--- THE INPUT ---

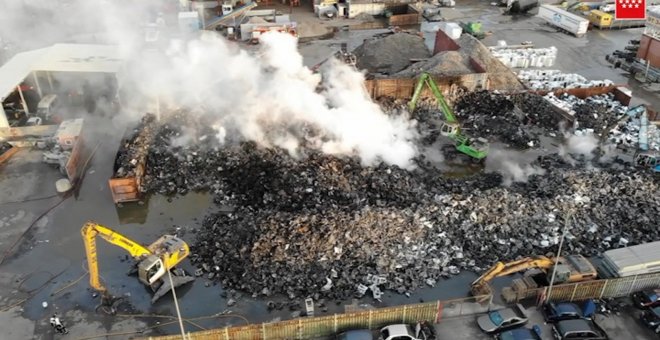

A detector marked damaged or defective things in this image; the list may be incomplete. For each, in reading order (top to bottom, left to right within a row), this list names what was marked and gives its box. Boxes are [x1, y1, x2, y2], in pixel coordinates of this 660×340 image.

pile of burnt debris [112, 95, 656, 300]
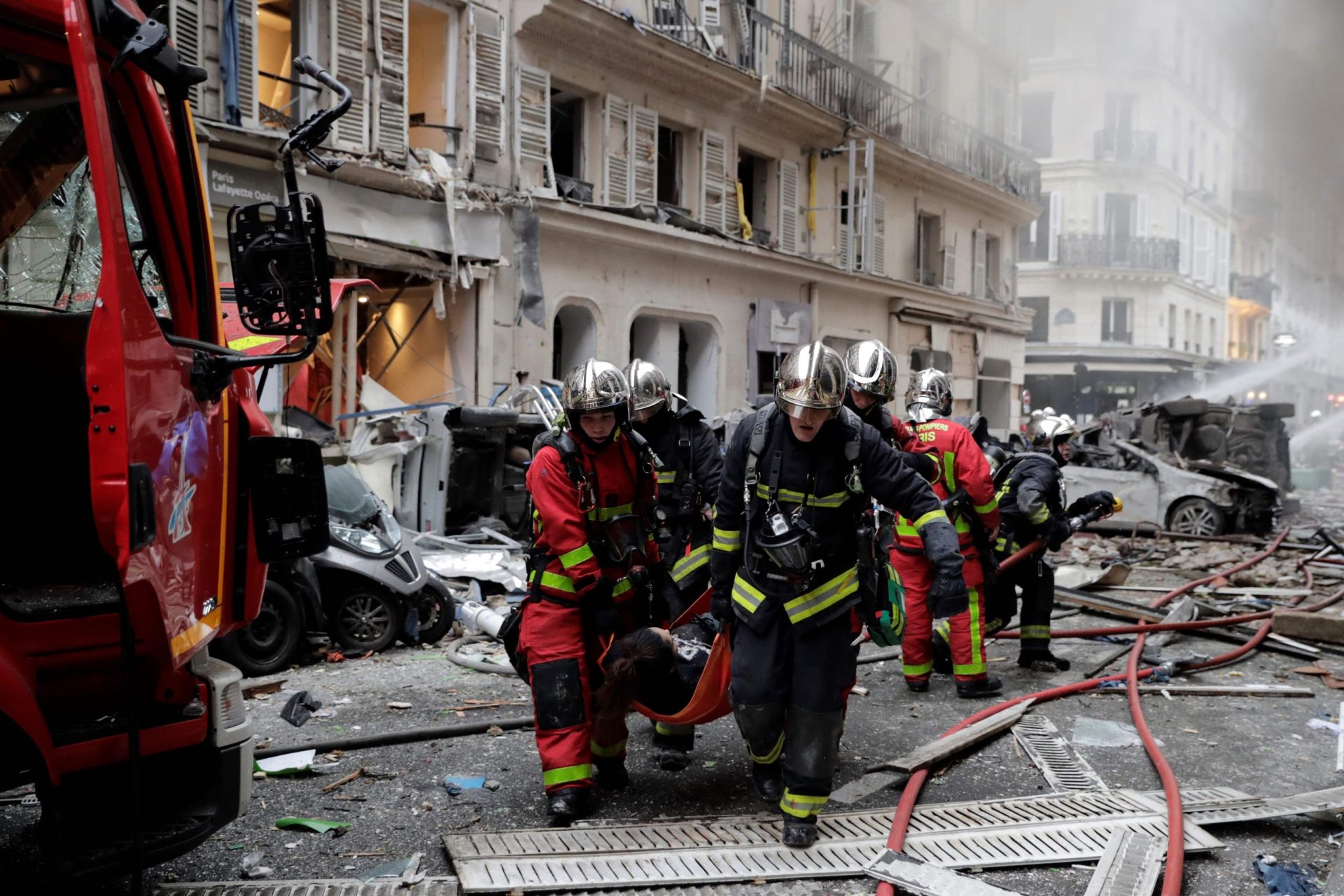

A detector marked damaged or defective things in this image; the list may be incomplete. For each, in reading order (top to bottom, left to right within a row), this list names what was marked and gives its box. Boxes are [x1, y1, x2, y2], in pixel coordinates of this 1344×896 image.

damaged building facade [176, 0, 1042, 431]
destroyed car [1064, 440, 1277, 535]
crushed vehicle [1064, 437, 1288, 535]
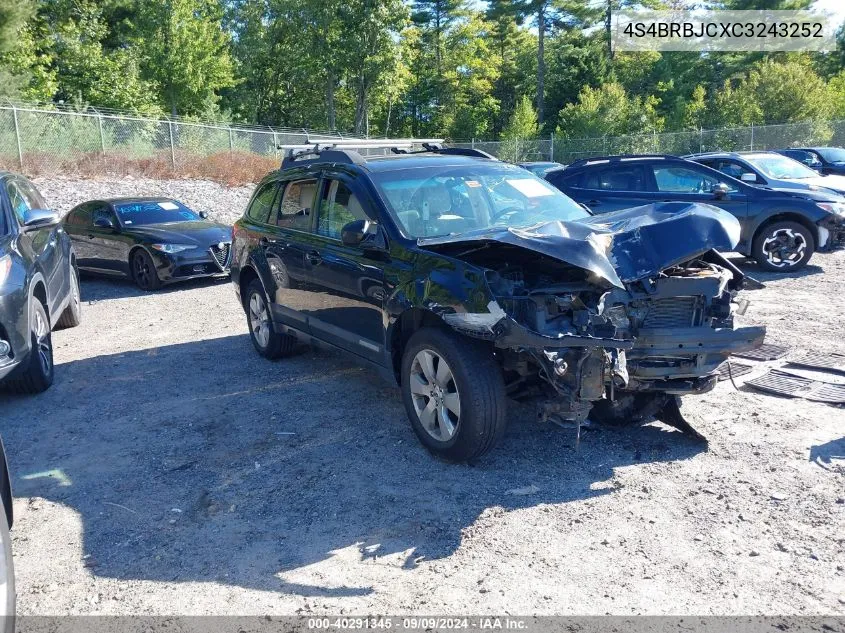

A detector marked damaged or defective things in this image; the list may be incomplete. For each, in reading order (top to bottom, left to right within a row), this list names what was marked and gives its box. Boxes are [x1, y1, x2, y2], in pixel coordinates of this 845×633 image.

crushed hood [420, 201, 740, 288]
damaged front end [420, 205, 764, 436]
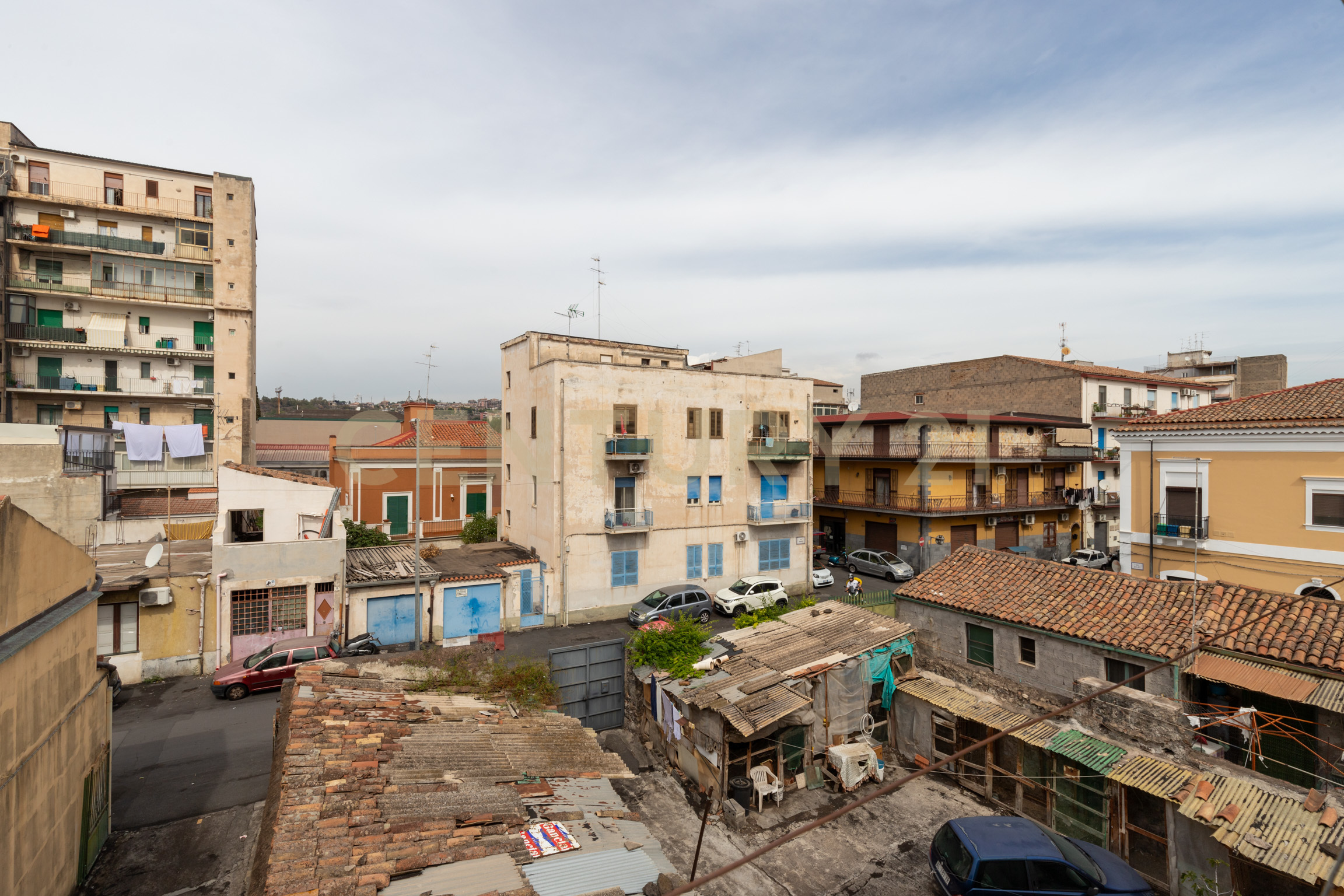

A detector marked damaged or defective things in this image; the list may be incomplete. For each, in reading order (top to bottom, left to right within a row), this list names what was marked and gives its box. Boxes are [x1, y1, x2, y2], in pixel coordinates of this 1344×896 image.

rusty corrugated shed [1193, 655, 1317, 704]
rusty corrugated shed [892, 677, 1059, 747]
rusty corrugated shed [1042, 730, 1129, 774]
rusty corrugated shed [1107, 752, 1193, 800]
rusty corrugated shed [1177, 774, 1344, 892]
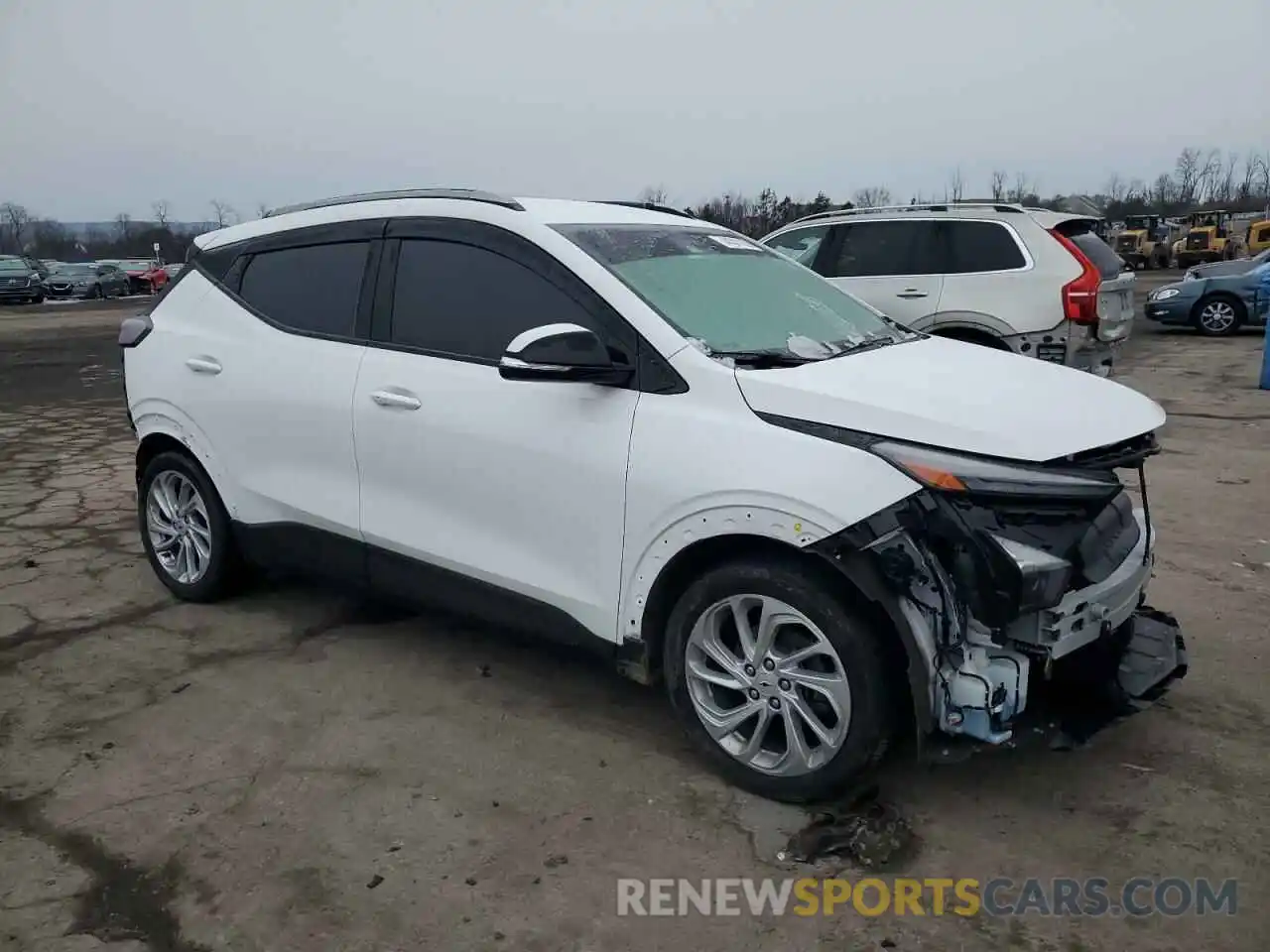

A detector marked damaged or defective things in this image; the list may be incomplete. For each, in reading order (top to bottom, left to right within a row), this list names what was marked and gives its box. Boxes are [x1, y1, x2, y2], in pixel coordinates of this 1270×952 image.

cracked asphalt [0, 303, 1262, 952]
damaged white suv [121, 193, 1191, 801]
crumpled front end [818, 432, 1183, 750]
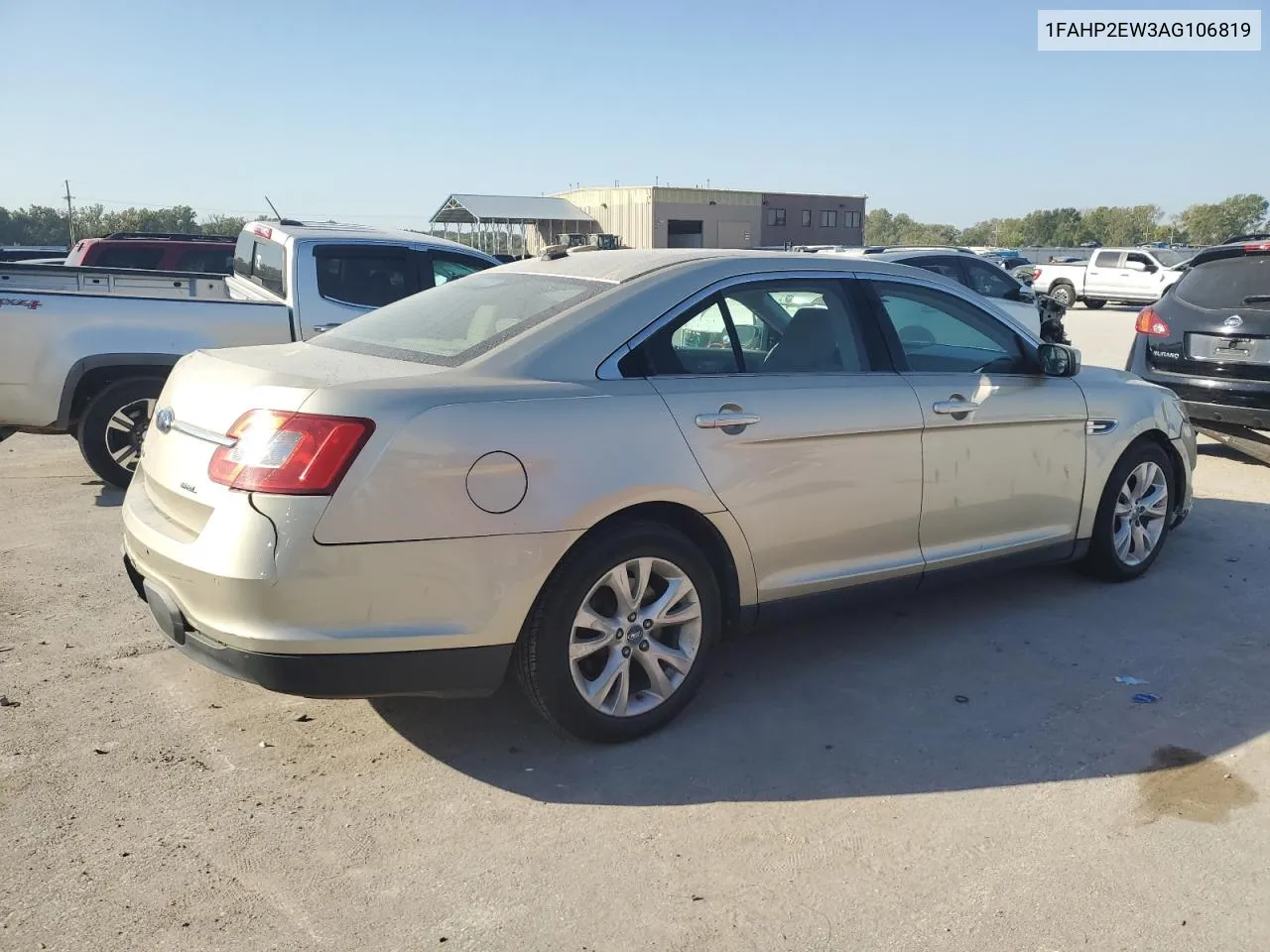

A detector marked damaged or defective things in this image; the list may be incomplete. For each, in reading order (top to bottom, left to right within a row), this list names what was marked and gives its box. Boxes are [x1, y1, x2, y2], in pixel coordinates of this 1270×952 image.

dent on car door [622, 279, 929, 599]
dent on car door [868, 278, 1086, 573]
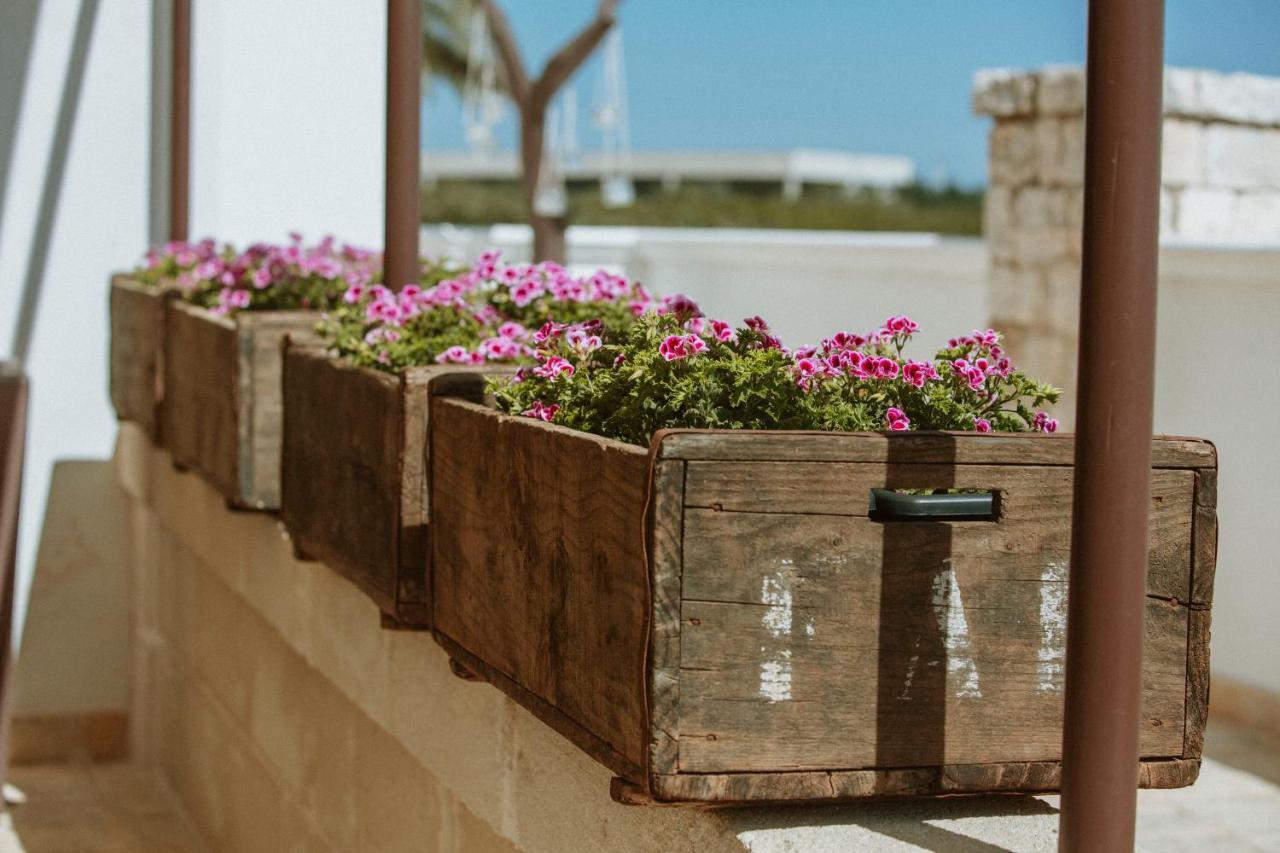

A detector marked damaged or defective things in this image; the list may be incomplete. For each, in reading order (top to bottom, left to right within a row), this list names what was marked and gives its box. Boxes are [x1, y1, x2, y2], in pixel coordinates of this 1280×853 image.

rusty metal post [170, 0, 192, 240]
rusty metal post [384, 0, 419, 289]
rusty metal post [1059, 1, 1162, 850]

--- EXERCISE DETAILS ---
Omit every picture, then write out the entries above exactly.

--- OUTPUT BELOW ---
A detector marked damaged or defective things in this image; the list may be incomplete. For each, in reading order (top to bottom, left to right within a row), this list names what was marked and gives its box. Boxes are [x1, y1, x2, y2], in pixel coordinates of this 660×340 image.

pile of burnt debris [112, 95, 656, 300]

A detector marked damaged or defective things in this image; the list may be incomplete. For each, in reading order (top to bottom, left to right within a row), this list names what was marked and gives its box. Boxes are [x1, y1, x2, y2], in pixel coordinates of this 1344×896 image.

damaged building facade [176, 0, 1042, 431]
destroyed car [1064, 440, 1277, 535]
crushed vehicle [1064, 437, 1288, 535]

A detector marked damaged or defective things in this image; the list may be incomplete. For each, in reading order (top to bottom, left to right within a row), this list names what was marked and gives its box. Boxes are [x1, y1, x2, y2], in pixel coordinates of this 845×633 image.

crushed hood [420, 201, 740, 288]
damaged front end [420, 205, 764, 436]

A detector marked damaged or defective things in this image; the list may be incomplete. For each, in reading order (top to bottom, left to right within a row), this list names what was marked and gives its box. Boxes are [x1, y1, x2, y2], in pixel coordinates of this 1344×896 image.

rusty corrugated shed [1193, 655, 1317, 704]
rusty corrugated shed [892, 677, 1059, 747]
rusty corrugated shed [1042, 730, 1129, 774]
rusty corrugated shed [1107, 752, 1193, 800]
rusty corrugated shed [1177, 774, 1344, 892]

A detector marked damaged or defective things in this image; the list may be incomplete. For each, in reading order (top to bottom, left to right within a row), this list names what was marked and gives its box. Boxes are [x1, y1, x2, y2], in pixel coordinates of this 1270×952 image.

cracked asphalt [0, 303, 1262, 952]
damaged white suv [121, 193, 1191, 801]
crumpled front end [818, 432, 1183, 750]

A detector marked damaged or defective things in this image; the list may be incomplete. For each, in reading order (top to bottom, left to right within a row), this list names what was marked and gives its box. Boxes are [x1, y1, x2, y2], in pixel coordinates of this 1270×952 image.

dent on car door [622, 279, 929, 599]
dent on car door [868, 278, 1086, 573]

A detector marked damaged or defective things in this image; the list may be incomplete. For each, in reading order (top to bottom, left to right within a row), this list names what was marked and gives its box. Boxes are [x1, y1, x2, y2], in pixel coordinates of this 1280×853 image.

rusty metal post [170, 0, 192, 240]
rusty metal post [384, 0, 419, 289]
rusty metal post [1059, 1, 1162, 850]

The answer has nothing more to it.